Italia. Qui nutro un cauto ottimismo. Devo dire che, nonostante le molte e giustificate preoccupazioni per l’ultimo esito elettorale, il sistema democratico ha mostrato di reggere. Le nostre istituzioni appaiono solide, l’opinione pubblica si mostra vigile e partecipe, non si verificano i gravi e continui disordini di piazza che segnano, per esempio, la Francia. Certo, quasi ogni giorno qualche esponente della maggioranza si lascia scappare una “voce dal sen fuggita”, e quasi ogni giorno la cosiddetta sinistra si abbandona a gesti di becera intolleranza, non trovando di meglio da fare che insultare gli avversari o impedire loro di parlare. Quanto mai attuali le memorabili parole di Ennio Flaiano, secondo cui in Italia ci sono due tipi di fascisti, i fascisti e gli antifascisti. Ma ho l’ingenua sensazione che gli italiani, nel complesso, siano un po’ migliori della loro destra e della loro sinistra. E comunque, non vedo politici di primo piano paragonabili, per esempio, a Trump, Putin, Orban oppure (purtroppo, purtroppo, purtroppo) Ben Gvir.

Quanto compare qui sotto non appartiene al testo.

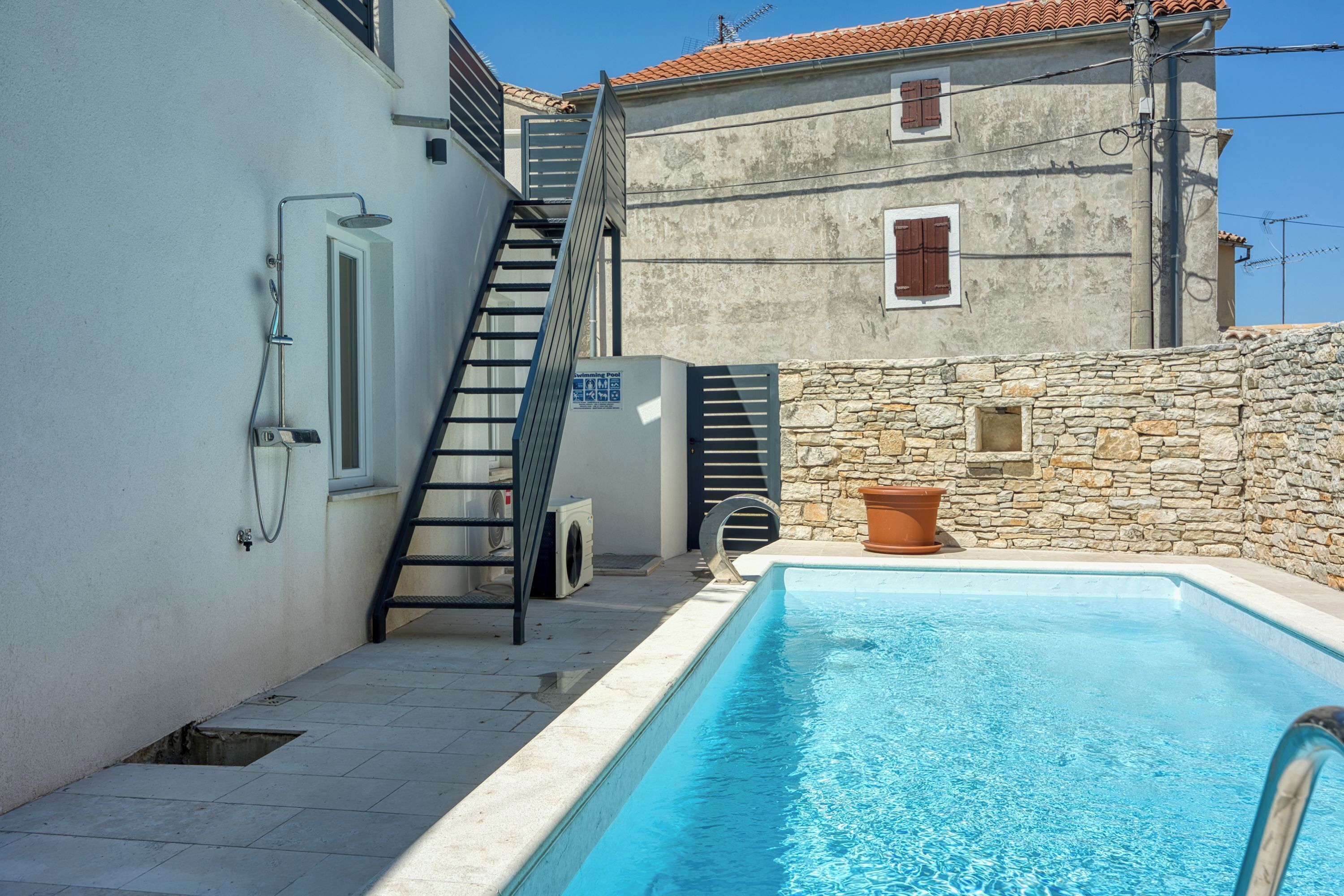 Una piscina junto a un edificio con pared de piedra, una escalera y una puerta.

Israele. Ottimismo. Non che non ci siano minacce o pericoli, anzi. Ce ne sono, e tanti. Minacce e pericoli esterni ed interni (a entrambi ho fatto cenno nelle righe di sopra), ed è difficile dire quali siano quelli prevalenti. Io credo che la battaglia, contrariamente a quanto qualcuno pensa, sia unica, perché Israele si difenderà tanto più efficacemente dai nemici esterni quanto meglio saprà preservare i suoi millenari valori morali. Oggi questi valori comprendono anche il concetto di democrazia, ma altri – giustizia, rispetto delle minoranze, sollecitudine, senso del limite, umiltà – risalgono agli antichi profeti biblici, e conservano ancora intatta la loro attualità. Israele deve ascoltare la voce dei suoi padri, e deve sapere distinguere i veri dai falsi profeti. I tanti straordinari amici che ho in quella terra lo stanno facendo, giorno per giorno, con tenacia, fiducia, a volte rabbia, e sono certo che saranno loro a prevalere.